Why forecast? A must in any business journey. A roadmap to success…

So, as a business owner myself I have seen the danger of coasting without a specified plan and benchmarks. On the other side I have seen the motivation that can come from having stretch targets to hit and a solid plan for hitting them.

Here’s some handy info even if your are not so numbers minded about basics that you will need to put in place.

Are forecasts any benefit other than to persuade the bank to finance?

Forecasting i.e. creating a specific Profit and Loss has the same beneficial effect as creating any other plan.

We plan all the time, it is the corollary to chaos.

We may plan sub consciously but we all do it.

If tomorrow morning you’re heading from Dublin to Mayo, you probably won’t go out your gate and take a turn either way depending on your mood.

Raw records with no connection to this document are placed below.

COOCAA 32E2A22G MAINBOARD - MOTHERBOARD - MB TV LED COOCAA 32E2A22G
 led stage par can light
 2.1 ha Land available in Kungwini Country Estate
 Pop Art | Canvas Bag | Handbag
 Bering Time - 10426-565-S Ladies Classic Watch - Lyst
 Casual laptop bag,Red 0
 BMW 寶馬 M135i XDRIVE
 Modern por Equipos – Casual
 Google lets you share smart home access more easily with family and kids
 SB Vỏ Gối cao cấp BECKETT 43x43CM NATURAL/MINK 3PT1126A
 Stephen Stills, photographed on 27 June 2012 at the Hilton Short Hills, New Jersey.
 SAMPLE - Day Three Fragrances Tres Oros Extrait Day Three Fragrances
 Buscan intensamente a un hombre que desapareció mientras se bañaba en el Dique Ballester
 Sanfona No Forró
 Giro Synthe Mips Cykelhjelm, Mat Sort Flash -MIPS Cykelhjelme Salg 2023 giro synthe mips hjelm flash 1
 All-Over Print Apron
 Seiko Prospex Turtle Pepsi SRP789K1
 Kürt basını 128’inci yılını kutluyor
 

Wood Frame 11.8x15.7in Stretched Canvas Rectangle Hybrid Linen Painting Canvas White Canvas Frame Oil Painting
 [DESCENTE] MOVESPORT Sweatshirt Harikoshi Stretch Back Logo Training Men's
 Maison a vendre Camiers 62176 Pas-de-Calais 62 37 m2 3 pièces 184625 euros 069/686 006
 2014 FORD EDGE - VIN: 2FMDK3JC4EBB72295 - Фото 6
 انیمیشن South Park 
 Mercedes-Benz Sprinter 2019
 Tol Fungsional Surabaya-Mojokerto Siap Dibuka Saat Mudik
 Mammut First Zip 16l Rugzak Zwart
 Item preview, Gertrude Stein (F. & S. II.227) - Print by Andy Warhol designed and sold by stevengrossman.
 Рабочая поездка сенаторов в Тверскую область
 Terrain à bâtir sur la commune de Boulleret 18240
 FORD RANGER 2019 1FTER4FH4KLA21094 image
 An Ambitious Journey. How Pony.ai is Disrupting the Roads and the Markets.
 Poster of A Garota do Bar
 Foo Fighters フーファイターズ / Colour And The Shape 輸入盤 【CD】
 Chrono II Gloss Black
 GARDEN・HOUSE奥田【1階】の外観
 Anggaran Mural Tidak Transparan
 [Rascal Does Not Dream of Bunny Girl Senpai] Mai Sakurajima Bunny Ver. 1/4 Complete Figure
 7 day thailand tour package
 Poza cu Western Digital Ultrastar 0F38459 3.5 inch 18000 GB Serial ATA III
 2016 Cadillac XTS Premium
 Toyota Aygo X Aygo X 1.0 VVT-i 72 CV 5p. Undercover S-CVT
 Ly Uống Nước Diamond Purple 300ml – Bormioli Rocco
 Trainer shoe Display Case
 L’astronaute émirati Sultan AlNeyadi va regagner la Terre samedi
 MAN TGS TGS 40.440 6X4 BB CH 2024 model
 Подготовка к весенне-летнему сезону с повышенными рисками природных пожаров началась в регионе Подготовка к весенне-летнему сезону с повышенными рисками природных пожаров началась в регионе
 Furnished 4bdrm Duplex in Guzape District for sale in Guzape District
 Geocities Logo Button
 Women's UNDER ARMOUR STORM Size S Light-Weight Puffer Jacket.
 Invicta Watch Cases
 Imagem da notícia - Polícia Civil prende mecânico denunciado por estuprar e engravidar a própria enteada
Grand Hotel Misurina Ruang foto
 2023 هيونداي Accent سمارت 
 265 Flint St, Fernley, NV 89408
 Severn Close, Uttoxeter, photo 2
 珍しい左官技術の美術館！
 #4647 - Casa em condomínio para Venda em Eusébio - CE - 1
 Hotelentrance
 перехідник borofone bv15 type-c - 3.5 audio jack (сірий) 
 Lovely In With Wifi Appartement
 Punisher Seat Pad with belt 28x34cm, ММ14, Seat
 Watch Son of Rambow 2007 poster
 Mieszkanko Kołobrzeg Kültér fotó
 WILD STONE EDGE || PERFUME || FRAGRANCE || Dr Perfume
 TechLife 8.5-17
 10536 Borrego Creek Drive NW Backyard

Either specifically by using google maps or by knowledge already gained you will turn right or left and then continue along a route that one will take you towards Mayo and in what you hope will be the quickest time.

Unless you know your destination there’s no point heading out.

Likewise, with business you need to know where you are headed or aiming for.

Budgets or forecasts let you measure how you are progressing on your business journey.

The main forecast is the Profit and Loss.

The main part of the Profit and Loss is the Sales forecast because without Sales there is no business.

So let’s look at Sales budget exclusively. The rest of the Profit/Loss will follow.

All Sales forecast should be realistic, attainable and based on solid assumptions.

Sales will be the number of units sold or services provided multiplied by the selling price.

To provide the reader or user of the forecasts including the owner with meaningful figures the selling price and the units sold must be built on realistic assumptions.

The price will be based on open market prices and the number of sales must be broken down by sales unit (person).

Sales units/transactions will depend among other things on the size of the potential market, the number of salespersons, the territory covered, the competition etc.

Sales price will depend likewise on competition and current open market price for a similar product/service. If you are above normal market price you will need to indicate why your prospective customers would pay above the norm.

There could be several reasons for this e.g. you are more convenient location-wise, you have a better-quality service, you package the service better etc.

If the assumptions withstand scrutiny you are on the way to having a forecast that can be a benchmark for subsequent performance.

The advice would be don’t start any business without performing at least the first step in forecasting e.g. identify the Gross Sales per week, per month and for first year at least.

Be moderate in your expectations and maybe calculate 3 scenarios which would be the best and worst forecasts and simply pitch the most likely as the center figure between these two.

If you have a reluctance to work out a basic sales forecast, that would not augur well for the future of the business. If figures are not your forte, get help.